The Supreme Court has held, Regents of California v Bakke 438 U.S. 265, that a racial quota system is unconstitutional. The decision upheld the use of race as one of many factors, but ruled against setting aside positions that could only be filled by members of racial group ("forecloses consideration to persons like respondent"). To be constitutional, the practice must allow the possibility of hiring a person not in the racial group, thus they cannot require a person to be of a certain ethnicity, which is the situation you describe (but check the language of the ad since it probably states a preference, not a requirement). Preferences are found to be allowed in Grutter, Fisher, just as GPA or extramural activities can be considered.
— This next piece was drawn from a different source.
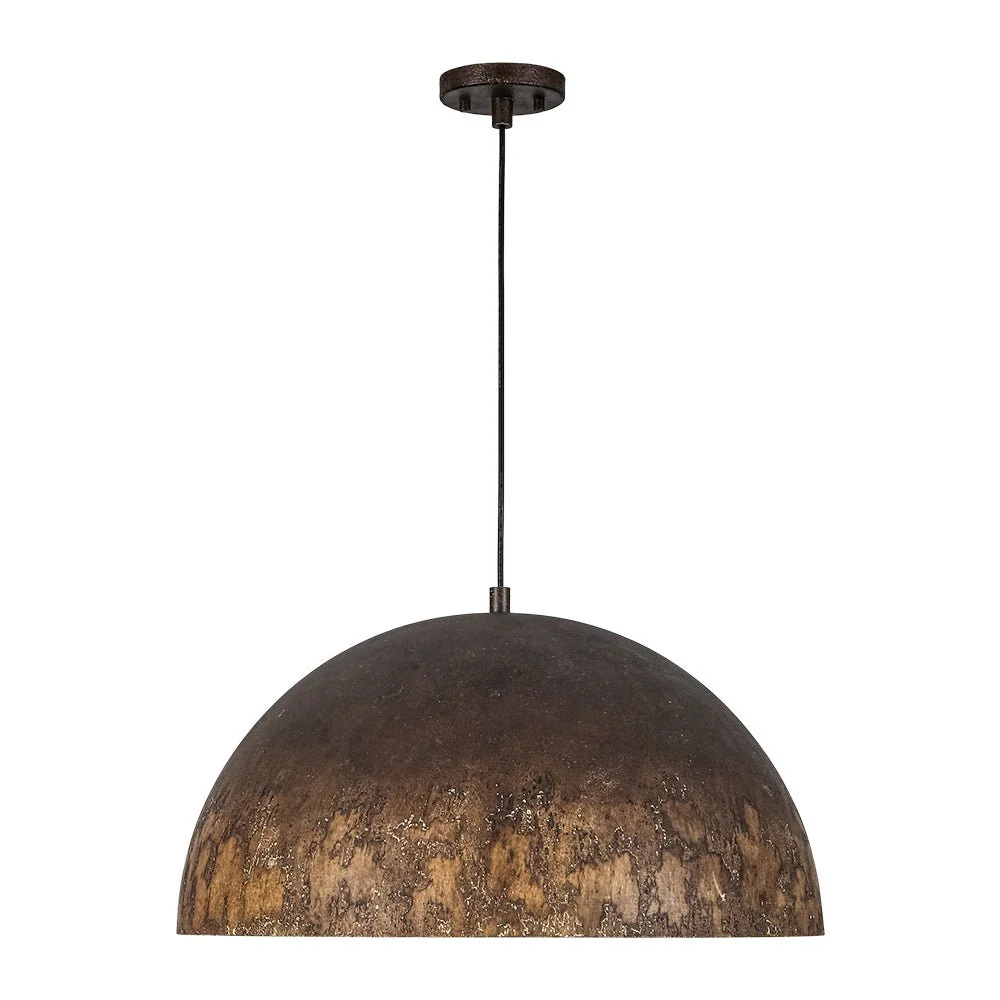 Hand-Applied Aged Bronze Patina Oversized Metal Dome Pendant - Image 7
In Gratz it is emphasized that racial classifications are subject to strict scrutiny, thus must be narrowly tailored, and a system automatically awarding points or disqualifying applicants based on race is not narrowly tailored.
The EEOC has made available this non-opinion letter addressing faculty recruitment and the "especially encouraged" clause, which more or less says this, also pointing to 29 CFR 1607, i.e. addressing the Title VII issue. 29 CFR 1607.2(C), the statutory realization of Title VII, says
the use of recruiting procedures designed to attract members of a
particular race, sex, or ethnic group, which were previously denied
employment opportunities or which are currently underutilized, may be
necessary to bring an employer into compliance with Federal law, and
is frequently an essential element of any effective affirmative action
program; but recruitment practices are not considered by these
guidelines to be selection procedures
29 CFR 1607.3(B) requires that
Where two or more selection procedures are available which serve the
user's legitimate interest in efficient and trustworthy workmanship,
and which are substantially equally valid for a given purpose, the
user should use the procedure which has been demonstrated to have the
lesser adverse impact
which expresses the "least restrictive" concept of strict scrutiny.